The other parenting style Lareau describes is the accomplishment of natural growth. This parenting style is practiced primarily by working class families and relies on trust in the spontaneous growth and development of children into well-functioning adults, with adults stepping in to correct behavior when needed. Families adhering to this parenting style give their kids plenty of freedom to play and lots of opportunity to develop deep bonds with siblings, cousins, and neighborhood kids. They don’t micromanage their children’s interactions – they tend to swoop in to issue orders and make sure they are followed, and then swoop out again. They don’t spend a lot of time explaining things to their children or reasoning with them. These children grow up learning how to cope with hearing “no” and things not going their way, but the downside is they don’t always develop the communication and negotiation skills that can be useful for interacting with or advocating for yourself with teachers, professors, employers, health care professionals, or other people in positions of authority.

I believe a growing number of parents are realizing that we can capture the best of both of these worlds. I call it wildflower parenting. Wildflower parenting doesn’t involve the constant pruning necessary for a meticulous garden. It recognizes that little humans arrive in the world as themselves and no amount of weeding or watering will turn them into something else. Wildflower parenting involves plenty of opportunity for free play, imagination, and deep bonds with the ones closest to us. It means knowing that wildflowers are resilient, but also recognizing the importance of the environment for thriving and growth. It also involves taking kids seriously and preparing them for the new territory they will one day enter without us.

Wildflowers make the world beautiful

Wildflowers are part of a complex ecosystem that makes life possible, and along the way, more beautiful.
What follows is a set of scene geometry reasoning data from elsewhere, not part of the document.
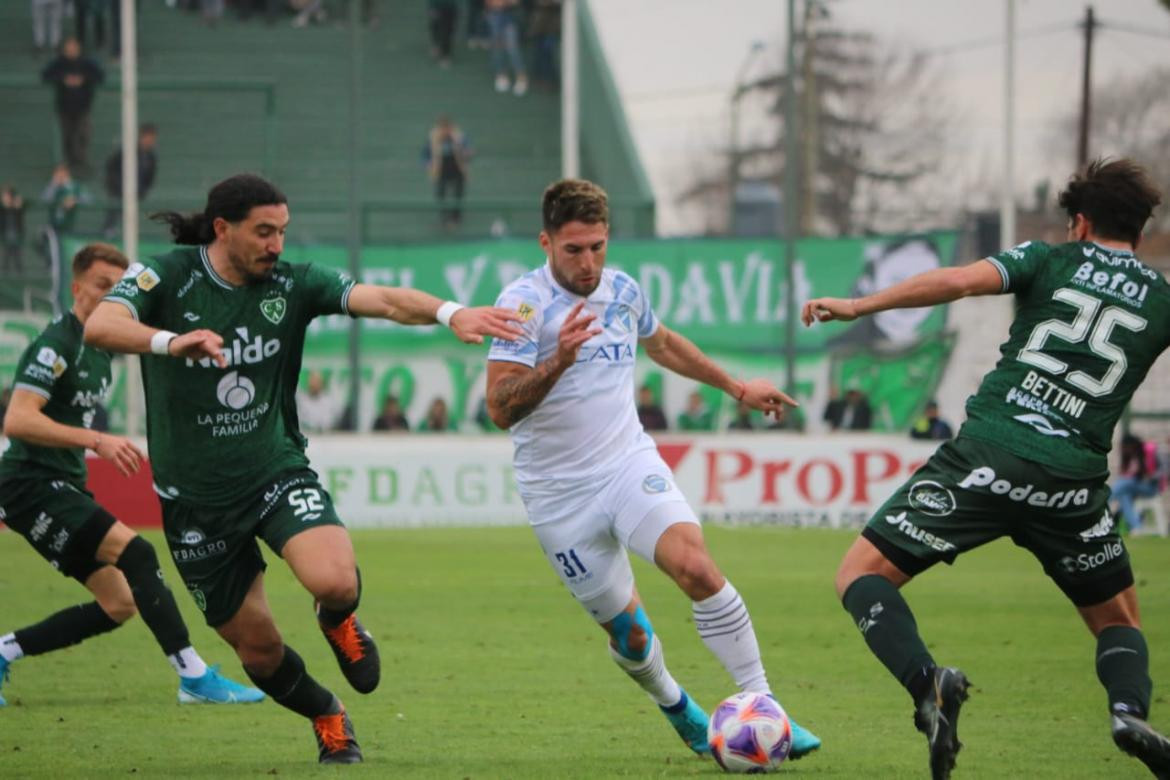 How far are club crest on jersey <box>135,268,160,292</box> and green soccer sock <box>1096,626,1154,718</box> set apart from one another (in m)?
4.14

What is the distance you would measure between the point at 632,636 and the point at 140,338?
244 centimetres

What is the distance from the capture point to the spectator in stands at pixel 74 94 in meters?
31.0

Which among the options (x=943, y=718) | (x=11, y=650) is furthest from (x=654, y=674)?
(x=11, y=650)

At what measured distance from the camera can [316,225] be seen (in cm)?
3012

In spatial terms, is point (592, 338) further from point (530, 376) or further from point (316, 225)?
point (316, 225)

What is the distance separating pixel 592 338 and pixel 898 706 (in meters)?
2.92

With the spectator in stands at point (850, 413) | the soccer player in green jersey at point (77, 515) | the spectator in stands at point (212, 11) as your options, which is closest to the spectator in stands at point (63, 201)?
the spectator in stands at point (212, 11)

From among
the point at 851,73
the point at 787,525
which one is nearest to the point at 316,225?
the point at 787,525

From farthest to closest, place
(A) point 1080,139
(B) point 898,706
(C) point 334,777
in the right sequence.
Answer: (A) point 1080,139 → (B) point 898,706 → (C) point 334,777

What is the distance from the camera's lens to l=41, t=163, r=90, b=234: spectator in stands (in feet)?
92.5

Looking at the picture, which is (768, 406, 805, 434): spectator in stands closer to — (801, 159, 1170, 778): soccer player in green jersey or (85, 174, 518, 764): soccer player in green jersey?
(85, 174, 518, 764): soccer player in green jersey

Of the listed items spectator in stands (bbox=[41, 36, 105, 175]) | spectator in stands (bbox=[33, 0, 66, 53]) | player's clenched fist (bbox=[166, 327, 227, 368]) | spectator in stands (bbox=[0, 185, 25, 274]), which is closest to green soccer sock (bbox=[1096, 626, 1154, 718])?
player's clenched fist (bbox=[166, 327, 227, 368])

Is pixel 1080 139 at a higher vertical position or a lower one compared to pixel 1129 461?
higher

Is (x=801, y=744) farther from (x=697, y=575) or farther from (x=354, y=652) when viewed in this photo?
(x=354, y=652)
Their beauty lies in being exactly who they are supposed to be. Some wildflowers are brightly colored, and others are subtler in their appearance. Some reach for the sky and others stay close to the earth. Some flower early in the season and others late. They turn out exactly how they should, and no one needs to stand over them, pruning and weeding and watering and pushing them to try to be just a little more brightly colored or to stop standing out so much. Wildflowers were never meant to be a perfectly manicured garden. And that’s what makes them beautiful.